The Okinawa Prefectural Museum will work to broaden, deepen and expand the scale, purposes, identity and work of the old Shuri Museum to build a true 21st century museum.
The Okinawa Prefectural Museum was established to create a focal point for the systematic study, collection and preservation of materials and resources related to Okinawa's nature, history and culture, and to exhibit the results to people in the prefecture, in the nation and in the world, thus deepening understanding and raising the level of culture in this prefecture.
(From the Okinawa Prefectural Museum New Museum Construction Basic Plan, adopted October 1994)
A key mission of this museum is to continue to meet the needs of the future by promoting and deepening understanding of Okinawa's distinctive nature, history and culture through research, exhibition and diffusion activities. Through research, collection, preservation and exhibition activities related to resources of Asia and the Pacific with their deep ties to Okinawa we will promote cultural interchange in this age of internationalization.
In addition to scientific work on its own exhibitions and collections, we at the museum undertake broader Okinawa-related research projects. Research on a particular theme or topic focusing on a given geographical area may involve the entire research staff. In addition of course, individual staff scientists and scholars do research in their own special fields
The all-inclusive projects go into various surrounding islands and areas and look for primary resources across the whole range of fields-nature, history, folk customs, antiquities, arts and crafts-with which the museum is concerned. Starting with Agunijima Island in 1979, research on Yonagunijima Island has been ongoing since 2004.
Individual research takes several forms. Museum curatorial staff pursue research projects of their own devising in their specialties, and also respond to requests from people and agencies outside the museum. And of course, museum curatorial staff collaborate with universities and other researchers.

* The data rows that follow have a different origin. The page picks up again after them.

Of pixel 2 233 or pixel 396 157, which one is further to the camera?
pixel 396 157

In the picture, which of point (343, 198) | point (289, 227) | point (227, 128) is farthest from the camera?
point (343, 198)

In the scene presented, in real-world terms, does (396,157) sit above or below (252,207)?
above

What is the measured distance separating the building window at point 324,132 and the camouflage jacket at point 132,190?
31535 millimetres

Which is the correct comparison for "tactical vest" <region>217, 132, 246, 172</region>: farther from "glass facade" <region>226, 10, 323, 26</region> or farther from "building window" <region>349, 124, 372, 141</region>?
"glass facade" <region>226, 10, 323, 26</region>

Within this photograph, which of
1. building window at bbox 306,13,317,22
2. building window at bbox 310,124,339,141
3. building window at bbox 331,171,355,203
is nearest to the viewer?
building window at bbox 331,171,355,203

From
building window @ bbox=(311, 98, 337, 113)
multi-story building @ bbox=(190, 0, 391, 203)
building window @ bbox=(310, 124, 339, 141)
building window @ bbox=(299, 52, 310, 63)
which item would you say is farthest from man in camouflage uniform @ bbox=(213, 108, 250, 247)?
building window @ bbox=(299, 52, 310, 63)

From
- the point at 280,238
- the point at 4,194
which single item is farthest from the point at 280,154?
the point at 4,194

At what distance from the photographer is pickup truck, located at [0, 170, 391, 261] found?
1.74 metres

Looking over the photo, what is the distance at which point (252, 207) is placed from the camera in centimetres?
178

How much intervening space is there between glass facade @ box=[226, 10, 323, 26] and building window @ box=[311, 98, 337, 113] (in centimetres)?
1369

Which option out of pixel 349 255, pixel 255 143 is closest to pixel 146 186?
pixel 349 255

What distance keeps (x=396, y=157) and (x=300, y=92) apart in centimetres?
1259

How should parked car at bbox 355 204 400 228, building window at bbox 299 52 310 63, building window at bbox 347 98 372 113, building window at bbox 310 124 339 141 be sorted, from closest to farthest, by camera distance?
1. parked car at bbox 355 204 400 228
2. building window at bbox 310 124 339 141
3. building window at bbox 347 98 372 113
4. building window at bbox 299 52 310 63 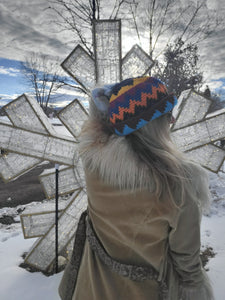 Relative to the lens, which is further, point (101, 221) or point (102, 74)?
point (102, 74)

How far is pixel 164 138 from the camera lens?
39.7 inches

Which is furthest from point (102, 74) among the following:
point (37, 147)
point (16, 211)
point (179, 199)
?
point (16, 211)

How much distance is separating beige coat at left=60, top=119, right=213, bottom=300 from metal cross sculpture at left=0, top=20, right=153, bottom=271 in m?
0.83

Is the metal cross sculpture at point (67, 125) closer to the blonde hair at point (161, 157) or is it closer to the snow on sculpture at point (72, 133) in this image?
the snow on sculpture at point (72, 133)

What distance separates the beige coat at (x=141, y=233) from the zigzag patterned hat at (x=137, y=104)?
0.10 metres

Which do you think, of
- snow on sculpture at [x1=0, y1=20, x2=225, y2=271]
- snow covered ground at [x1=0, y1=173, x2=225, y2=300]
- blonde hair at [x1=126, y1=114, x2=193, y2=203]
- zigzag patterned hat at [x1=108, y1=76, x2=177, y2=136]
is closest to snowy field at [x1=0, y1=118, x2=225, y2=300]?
snow covered ground at [x1=0, y1=173, x2=225, y2=300]

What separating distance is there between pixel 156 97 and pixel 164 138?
0.19 metres

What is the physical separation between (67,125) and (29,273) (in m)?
1.56

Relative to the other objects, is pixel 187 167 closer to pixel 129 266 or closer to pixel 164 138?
pixel 164 138

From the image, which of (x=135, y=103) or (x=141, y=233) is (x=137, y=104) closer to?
(x=135, y=103)

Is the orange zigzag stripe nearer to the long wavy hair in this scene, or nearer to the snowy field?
the long wavy hair

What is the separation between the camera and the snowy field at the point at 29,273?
6.57ft

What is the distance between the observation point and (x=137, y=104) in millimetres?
944

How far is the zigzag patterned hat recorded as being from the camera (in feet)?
3.07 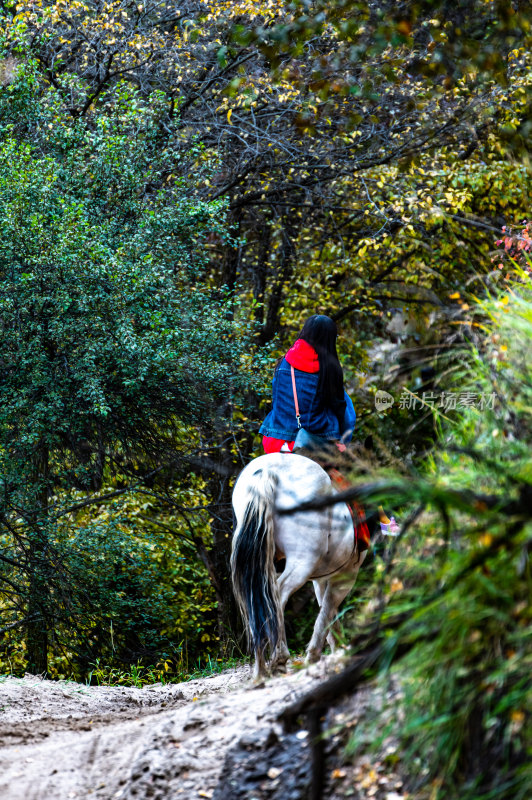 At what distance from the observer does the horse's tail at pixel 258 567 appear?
5625 mm

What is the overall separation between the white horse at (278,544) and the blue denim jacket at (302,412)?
520mm

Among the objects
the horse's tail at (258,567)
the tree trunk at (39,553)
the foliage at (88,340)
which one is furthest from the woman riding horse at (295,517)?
the tree trunk at (39,553)

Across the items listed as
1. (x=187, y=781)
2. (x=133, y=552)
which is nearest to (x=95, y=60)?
(x=133, y=552)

Through research and scholarship of these kinds, the Okinawa Prefectural Museum aims to deepen understanding of Okinawa's unique nature and special traditions, raising awareness in and outside of the prefecture of Okinawa's "special-ness" and enhancing, so to speak, its image.
Our museum collection includes an immense variety of "objects"-objects of different kinds and character, objects from different places, objects with different uses, made or originating at different times, objects with different weights and measures. To be sure of passing it on to the future in good order as it were, this rich bounty of museum resources must be preserved and managed with the best available techniques. Also, keeping an eye on the long term, we also have to keep up with the latest developments in museum management so as to be sure that our management, use and restoration practices are always on the cutting edge.
Specifically, we must be sure to keep temperatures and humidity at optimal levels; we have to guard against insect and pest infestations; we must continually work to prevent deterioration and damage to our holdings, and to restore those that are already damaged. And last but far from least, we have to keep detailed systematic preservation and collection records. The computer is an immense help in this vital task and we are working to fully digitize our collection database.
Our museum's mission is to continue to gather in artifacts and specimens relating to Okinawa across the broad spectrum of its nature, history and culture. Historical documents and other resources directly or indirectly relating to Okinawa are, needless to say, found here, but are also spread around various places in Japan and the world. This far flung distribution vividly testifies to ocean-bound Okinawa's long history of relations across the sea with Japan and other countries.
Exhibitions involve putting together items from the museum's collection under some theme or topic, for public display. Planning and putting together an exhibition require careful thought about the backgrounds and meaning of the items that might be included. Each potential selection has to be analyzed by museum curatorial staff in detail from every relevant perspective, the object itself and its relations to other objects, all with the goal of designing an exhibition that is as interesting and as easy to understand as possible.
The permanent exhibitions are the museum's mainstays. These offer an introduction to Okinawa's nature, history and culture. The museum also offers a rich menu of special and program exhibitions (Entrance fees differ for these.) designed around specific themes. Also, with its traveling museum and other special exhibitions held around the islands, the museum "jumps its walls" to take its treasures out to the people. This is one of the things that make the museum special, in our far-flung island prefecture, Okinawa.